That being said, however, aspects of writer Christopher Yost and artist Ramon Bachs first outing on this new title, Red Robin: The Grail, hearken wonderfully back to the early days of the last Robin series. It'll take a lot to get me to accept an older, lone Red Robin out on his own when his friends on the Teen Titans remain younger and together, but Red Robin is a good substitute for a genuine Robin fix.
I'll note to start off that Red Robin isn't perfect. Despite the premise of the book is that Tim is now the loose cannon of the Bat-family, working "over the line" (as the narrative continually reminds us) in his search for Bruce Wayne, Tim never comes off as that extreme aside from a well-advised team-up with villain Ra's al Ghul. The few times he breaks a bad guy's bones aren't anything you wouldn't put past the Dark Knight himself; Yost more tells than shows us that Tim's gone rogue.
And whereas Yost creates some interesting characters in Ra's al Ghul's team of assassins, I couldn't care much for Tim's supposed love interest of the book, Wayne Enterprises' Lucius Fox's daughter Tam. Yost means to demonstrate how out of her element she is, kidnapped by Ra's, through all the "ums" peppered in her speech, but it only makes her seem a vapid damsel in distress, not someone we root for Tim to love. (Letting alone the gratuitous scene where Tim [accidentally] kicks former girlfriend Spoiler in the face, the kind of violence between couples we're meant to wave away in comic books but that would be "not all right" in the real world.)
But given those quibbles, overall Yost delivers a book much in line with Robin stories past. I absolutely love that Tim's mission takes him all over the globe, much like the first Robin miniseries found Tim in Paris rather than Gotham. Yost has obviously done his homework, including shout outs to moments both as early as that first Robin miniseries to as late as the end of the regular series (and a nod to Tim's long-time pseudonym, Alvin Draper). Tim's entire quest is predicated on his skills as a detective, true to the beginnings of the character; and Tim's penchant for working with villains and obsessing about the wisdom of it also, as I noted, has precedent.
I also appreciated that Yost very quickly established that the main character's name is Tim Drake, not Tim Wayne. I liked that Bruce Wayne adopted Tim, creating a real father-son dynamic between the Dynamic Duo that hadn't been explored before, but one could argue to also lessened Tim as a character. Another interesting dynamic was that Tim became Robin while his father still lived, causing Tim both outward obstacles and inner conflict; returning Tim to Drake (a perfectly fearsome-sounding Bat-character last name) not only returns the character's independence, but some of the punch that perhaps the character has lost over the years.

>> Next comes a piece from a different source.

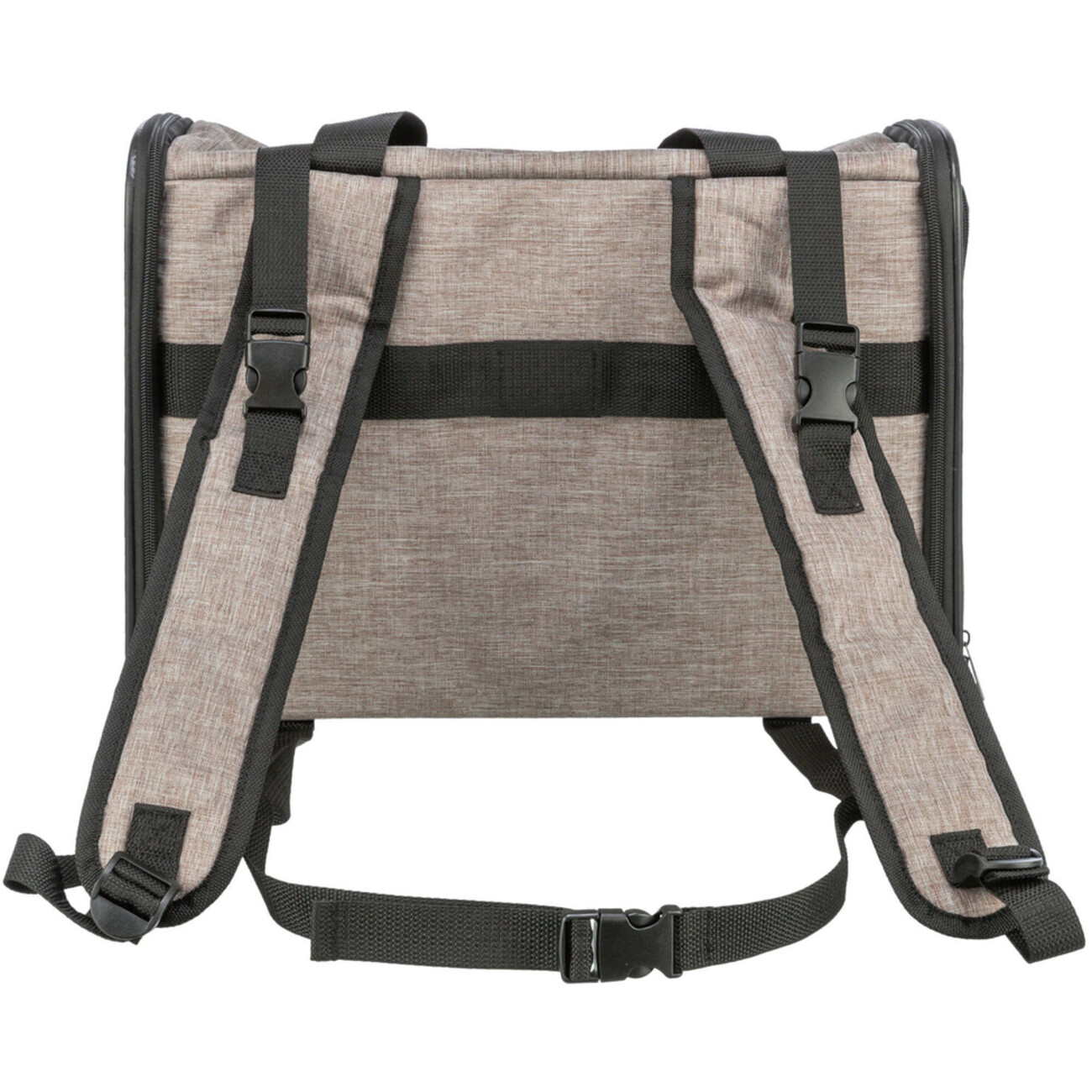 Rucksack Shiva für Hunde bis 8 kg Bild 6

In short, Yost's book feels like Robin, even if it isn't. Some time after Chuck Dixon originally left the Robin title, Adam Beechen delivered a handful of stories that felt like the old days, but in total the book never had its original aesthetic. Red Robin returns that through tone, plot, and locale, even through artist Ramon Bachs channeling early Robin artist Tom Grummett on at least two occasions (Damian Wayne in the Batcave in the beginning, and Tim as he talks to Wonder Girl toward the end) -- all of it ought evoke considerable nostalgia for long-time Robin fans.
[Contains "What came before" page, full and variant covers]
DC Comics seems to me now a little stuck -- Damian Wayne isn't the Robin that DC can put on lunchboxes, so I expect Tim to one day retake the mantle; but having been Red Robin, returning to regular Robin would seem for Tim Drake something of a devolution. How that'll play out, I'm not sure -- I do applaud DC for taking chances, and I'm curious to see where all of this will go.